İngiltere’deki Keele Üniversitesi tarafından yapılan büyük çaplı bir araştırm, evli olmayan bireylerin (eşinden ayrılmış, eşini kaybetmiş veya hiç evlenmemiş), evli olanlara oranla kalp damar hastalığından hayatını kaybetme olasılığının % 42, inme nedeniyle hayatını kaybetme olasılığının ise % 55 daha fazla olduğunu ortaya çıkardı.
Ayrıca veriler, evli yetişkinlere kıyasla, evli olmayan yetişkinlerin koroner arter hastalığı geliştirme ihtimalinin % 16, bu hastalıktan hayatlarını kaybetme ihtimalinin ise % 42 daha fazla olduğunu göstermektedir.
Araştırmacılar, bilinen risk faktörlerinin (yaş, cinsiyet, yüksek tansiyon, yüksek kolesterol, sigara ve diyabet gibi) hala kardiyovasküler hastalıkların yaklaşık yüzde 80’ini oluşturduğunu, diğer yüzde 20’sinin ise belirsizliğini koruduğunu ifade ediyorlar.
Keele Üniversitesi Kardiyoloji Profesörü Mamas yaptığı açıklamada, “Çalışmalarımız, kardiyovasküler rahatsızlıkları olan veya bu rahatsızlığı geliştirme riski olan hastalarda medeni durumun göz önüne alınması gerektiğini gösteriyor,” dedi.
Heart dergisinde yayınlanan araştırmaları, daha önceden yapılmış ilgili verileri içeren 34 araştırmanın dahil edildiği toplu bir çalışmadır. Yürütülen çalışma, Avrupa, Kuzey Amerika, Orta Doğu ve Asya’dan gelen, 42 ve 77 yaşları arasındaki bireylerden oluşmakta ve toplamda 2 milyondan fazla insana hitap etmektedir.
Diğer Faktörler
Araştırmacı Chun Wai Wong, “Bulgularımız, evliliğin kardiyovasküler hastalıklar üzerinde koruyucu bir etkiye sahip olduğunu, ancak bunun bir eşe sahip olmanın getirdiği sosyal ve duygusal ek desteğe atfedilebileceğini ileri sürüyor” diye ekledi.
Tıpkı herhangi bir sağlık araştırmasında olduğu gibi, ham korelasyonlara biraz temkinli yaklaşmalıyız.
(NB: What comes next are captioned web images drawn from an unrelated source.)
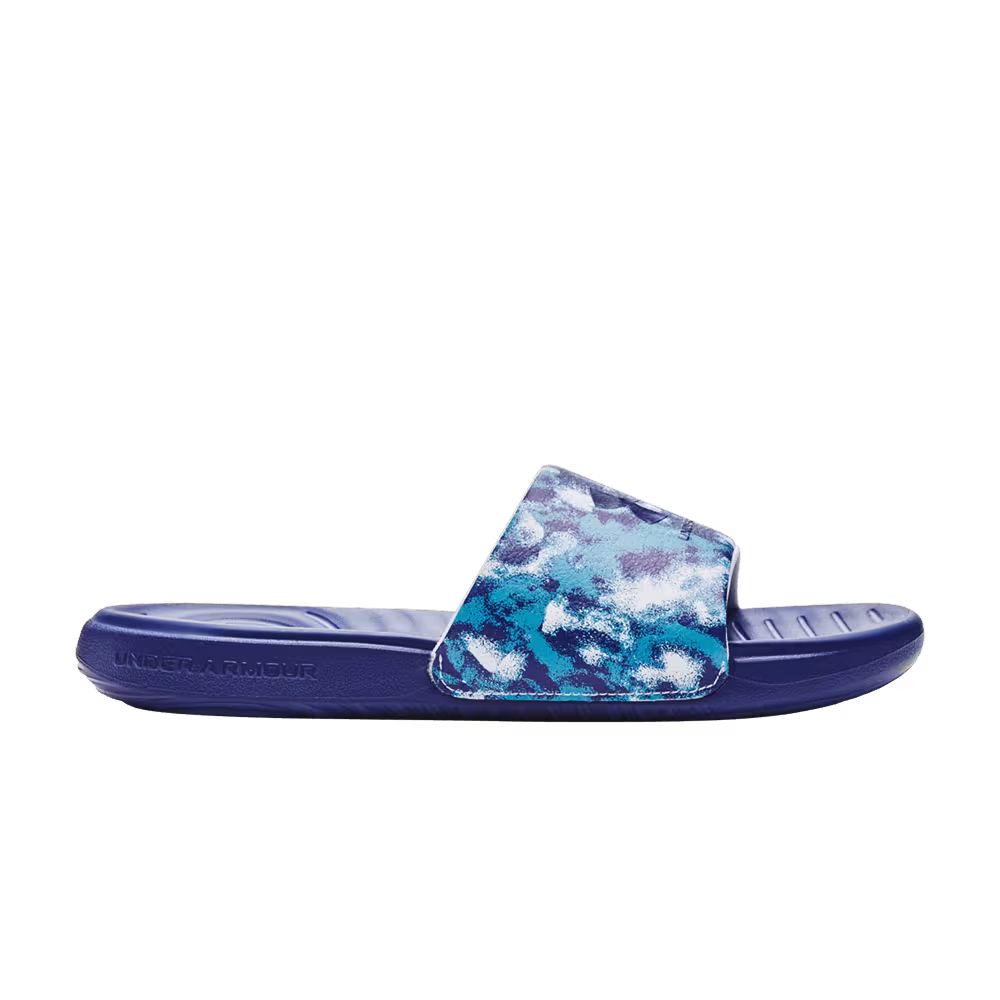 Under Armour Ansa Graphic Slide GS Sonar Blue Paint Smudge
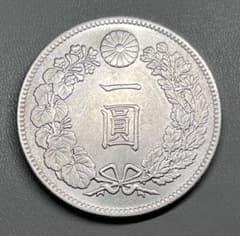 銀貨 一圓 明治十六年 大日本 硬貨 古銭 コイン 竜 蔵品 近代貨幣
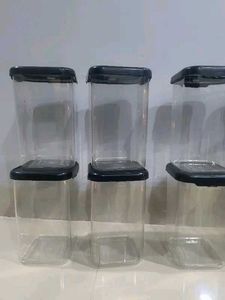 6 piece storage containers for kitchen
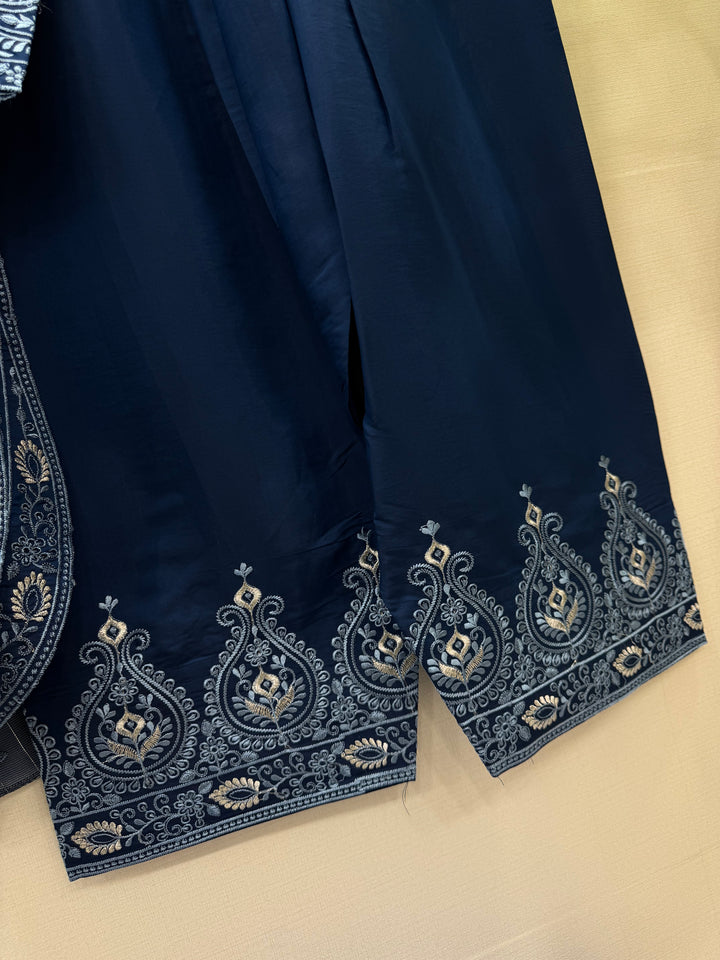 Embroided farshi suits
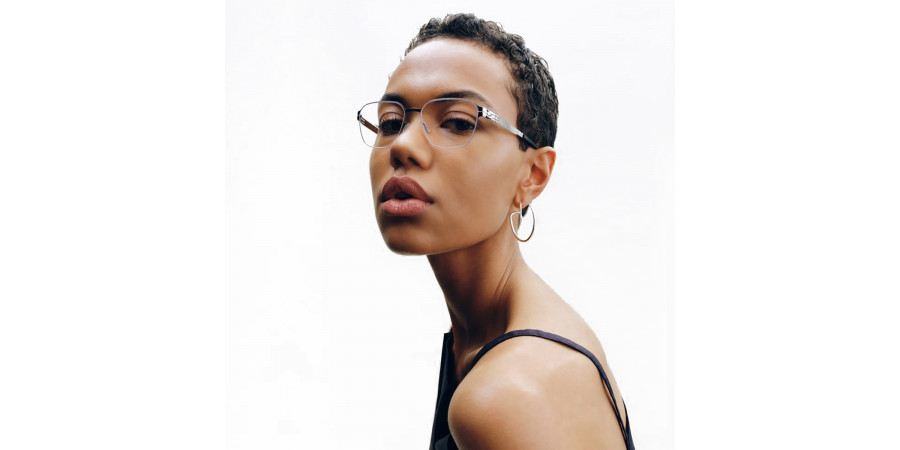Ic! Berlin MB 12 Black Eyeglasses Lifestyle Shot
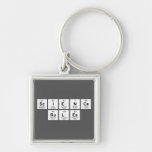 science
 rules  Metal Keychains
Evlenmemiş olmak, tek başına bir risk faktörü olmak zorunda değil. Örneğin, evlenmemiş insanların sigara içmeye daha fazla müsait olması ya da evli insanlara kıyasla beslenmelerine daha az dikkat ediyor olmaları daha olasıdır.
Aynı şekilde, araştırma, hemcinsleri ile birliktelik yaşayan insanlar gibi bazı sosyal gruplar arasında ortak olabilecek ve uzun süredir beraber yaşayan çiftleri dikkate almamaktadır.
Ayrıca bu çalışma, yalnızlığın veya evlililiğin yaşlılıkta kardiyovasküler sağlığı ciddi şekilde etkileyebileceğine dair kanıtları destekler nitelikte.
Emeritus Üniversitesi’nde bağımsız bir uzman ve Uygulamalı İstatistik Profesörü olan Kevin McConway, yeni çalışmayı “kesinlikle çok büyük ve yetkin bir şekilde uygulanmış, oldukça ilgi çekici bir araştırma” olarak nitelendirdi. Ancak medeni durum ve kardiyovasküler sağlık ile ilgili kurulan bu bağlantının, çalışmanın konu başlığı kadar net olmadığına inanıyor. McConway söz konusu çalışma ile ilgili olarak, “Bu sadece tek ihtiyacın aşk olduğunu gösteren türden bir senaryo değildir. Aradaki farklılıklar bir şekilde gerçekten medeni durumla alakalı sonuçlar olsa bile, bu yeni çalışma, kafalardaki sorulara yeterince net ışık tutmuyor. Araştırmacılar çeşitli olası mekanizmalara işaret ediyorlar – mesela eşler arasında sadece birinin diğerine destek vermesi, bir eşin kaybından kaynaklanan olumsuz etkiler, evlenme şansının düşük olması zaten kişinin en başta sağlığını kötü etkiler ”açıklamasında bulundu.